03 July 2013
Shared parental leave proposals, which are to be introduced under the Children and Families Bill, have been met with concern in the House of Lords.
The plans, which will allow mothers to share their parental leave with fathers in weekly blocks, were broadly welcomed, as equality in terms of childcare arrangements encourages further equality in the workplace.
However, it is clear many people share the Institute of Employment Rights’ concerns that the proposals are not strong enough to make a significant difference. It was noted by both Baroness Hughes of Stretford and Baroness Lister of Burtersett that the government expects as few as 2 – 8% of fathers eligible for shared parental leave to take it, according to the Coalition’s impact assessment. To be eligible for shared parental leave, both mother and father must be economically active and will need to have been in their jobs for 26 weeks by the 15th week before the baby is due. This contrasts sharply with current maternity leave laws, which allow pregnant women to take leave from Day One of their service to an employer. Lord Stevenson of Balmacara noted that only 285,000 of the 782,000 maternities in 2010 would have been eligible for shared parental leave due to these restrictive measures: that’s just 36% – hardly a policy that encourages equality.
There are many reasons why only a tiny proportion of UK workers are expected to take up the new rights, but the issue that has perhaps received the most criticism is the denial of independent rights for fathers. Under the new plans, mothers will be able to transfer some of their 52 weeks of maternity leave to fathers. This shared parental leave will top-up the fathers’ statutory right to two weeks of paternity leave paid at the flat rate. Additional paternity leave was extended to fathers in 2011, allowing maternity leave to be ‘shared’ once the mother had returned to work, but so far only 1% of eligible parents have taken this up. International evidence shows that without independent rights for the father and paternity leave provided on ‘use-it or lose-it’ basis, take up is low. Original plans in the Modern Workplace Consultation were to follow this more effective approach to shared parental leave, but the proposals have since been scrapped with the government citing economic weakness as the cause.

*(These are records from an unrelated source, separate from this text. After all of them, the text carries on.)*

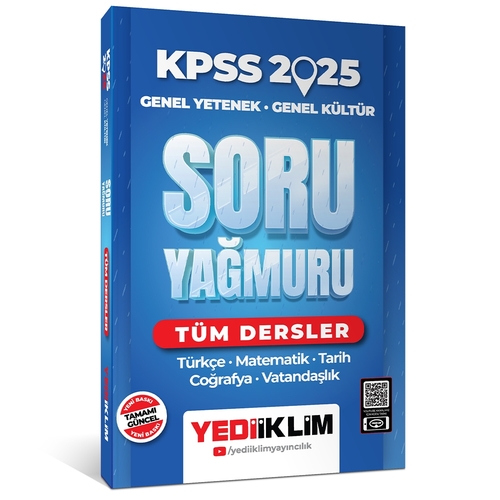 KPSS Genel Yetenek Genel Kültür Tüm Dersler Soru Yağmuru Yediiklim Yayınları 2025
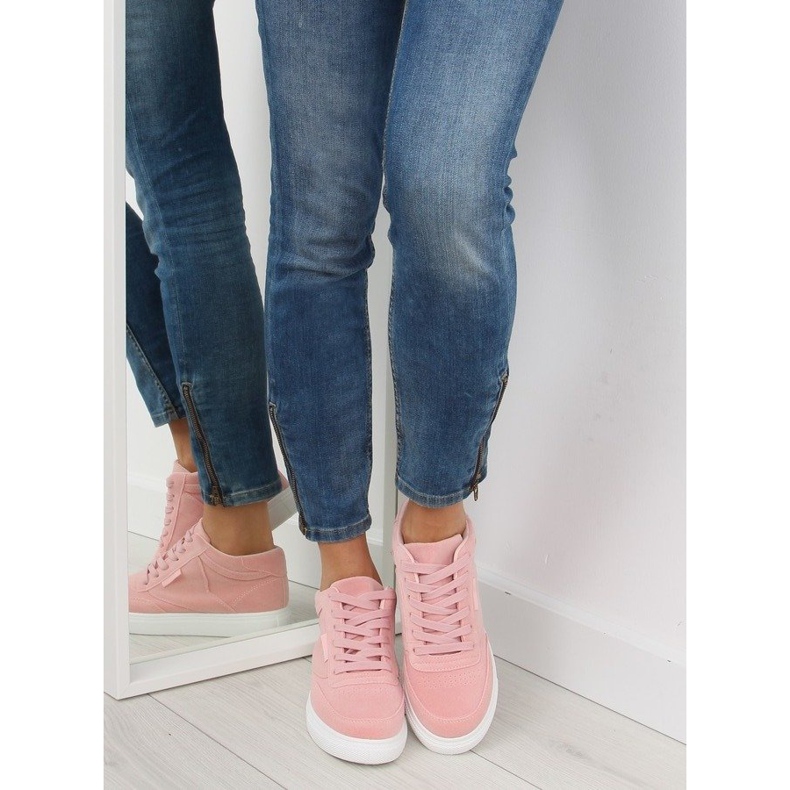 Women's pink suede sneakers NB171P Pink 1
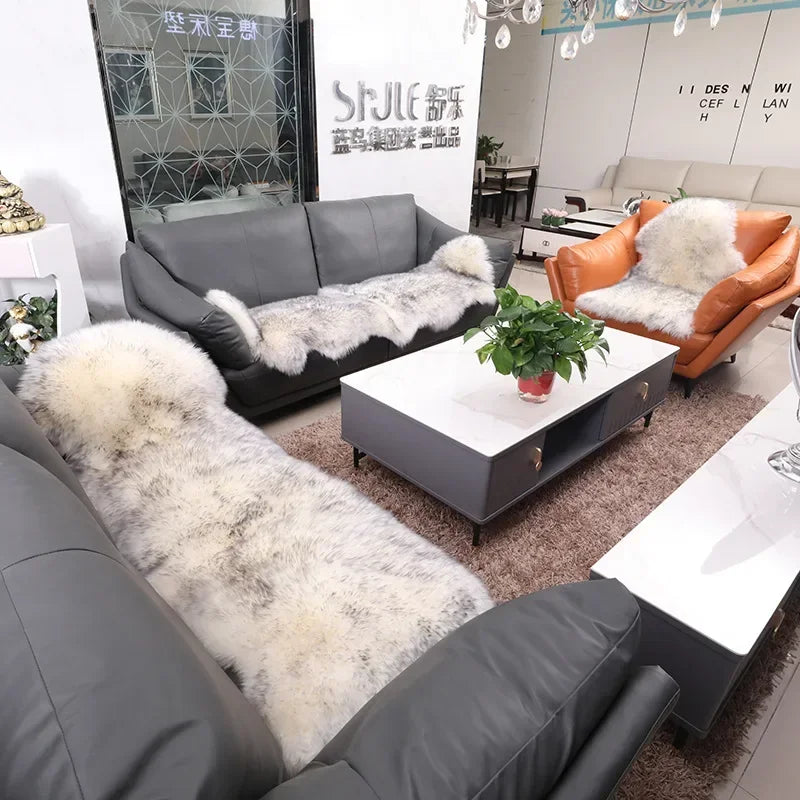 Real Sheepskin Rug Luxury Australian Soft Small Sheepskin Wool Carpet Mat Sofa Cushion Real Fur Blanket Floor Lambskin Carpet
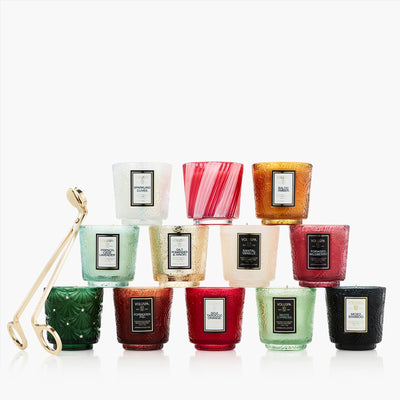 Voluspa Geschenkset Luxuriöser Adventskalender mit 12 Duftkerzen & Dochtschere | Neues Design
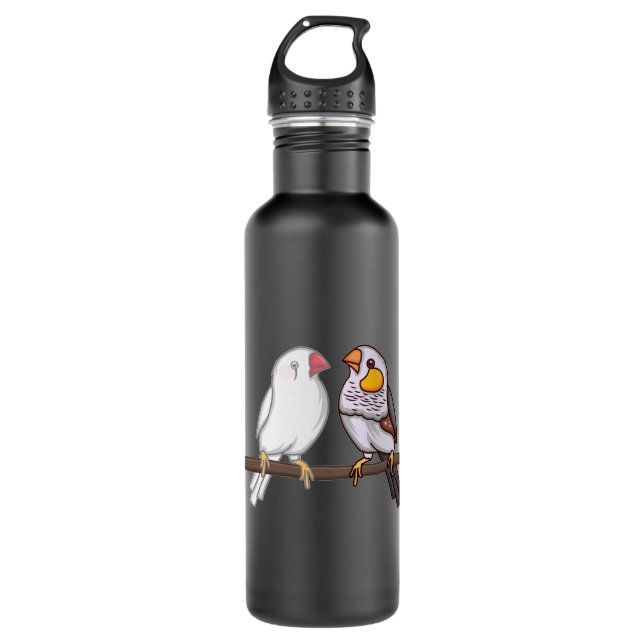 Zebra Finches LOVE Zebra Finch Art Passerines Bird 710 Ml Water Bottle (Front)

Another much-criticised aspect of the plans is that the warmly welcomed proposals in the Modern Workplaces consultation to allow parents to take their parental leave on a part-time basis, while returning to work part-time, have also been scrapped. Now parents will have to take their leave in blocks of at least a week in length, and is suspected that employers will pressure parents to take their leave in one long block to make it easier to cover their positions while they are gone. Not only does this make shared parental leave much less flexible than it could be, it is also important to note that statutory pay rates for parental leave are currently significantly lower than the National Minimum Wage. Baroness Lister cited evidence from charity Working Families which suggested lower income families would have benefited greatly from part-time leave, which would have allowed them to top up this rate of pay with their wages. Without this right available to them, poorer families will be effectively barred from shared parental leave all together.
Taking leave from these well-worn criticisms, Baroness Drake and Lord Knight tackled the bill from other angles. Baroness Drake appealed for shared parental leave to be extended to grandparents, who also frequently play a caring role. Lord Knight called for the same rights provided in the case of maternity to be applied in the case of bereavement, noting that some employees are expected back at work just one week after the death of a child.
Finally, the calls for Day One rights also applied to the right to request flexible working conditions, which the Children and Families Bill proposes to extend to all staff. While this in itself is welcomed, the way in which flexible working rights are framed in the law continues to weaken them dramatically. The Institute of Employment Rights has previously criticised these rights for remaining only the ‘right to request’, with the employer only ever obliged to consider that request without necessarily allowing it. Baron Stevenson noted that in the Bill, the right to request flexible working conditions will only be triggered after six months’ service – therefore, employees are not even legally protected if they simply ask for flexible working conditions before they have been in their job for half a year.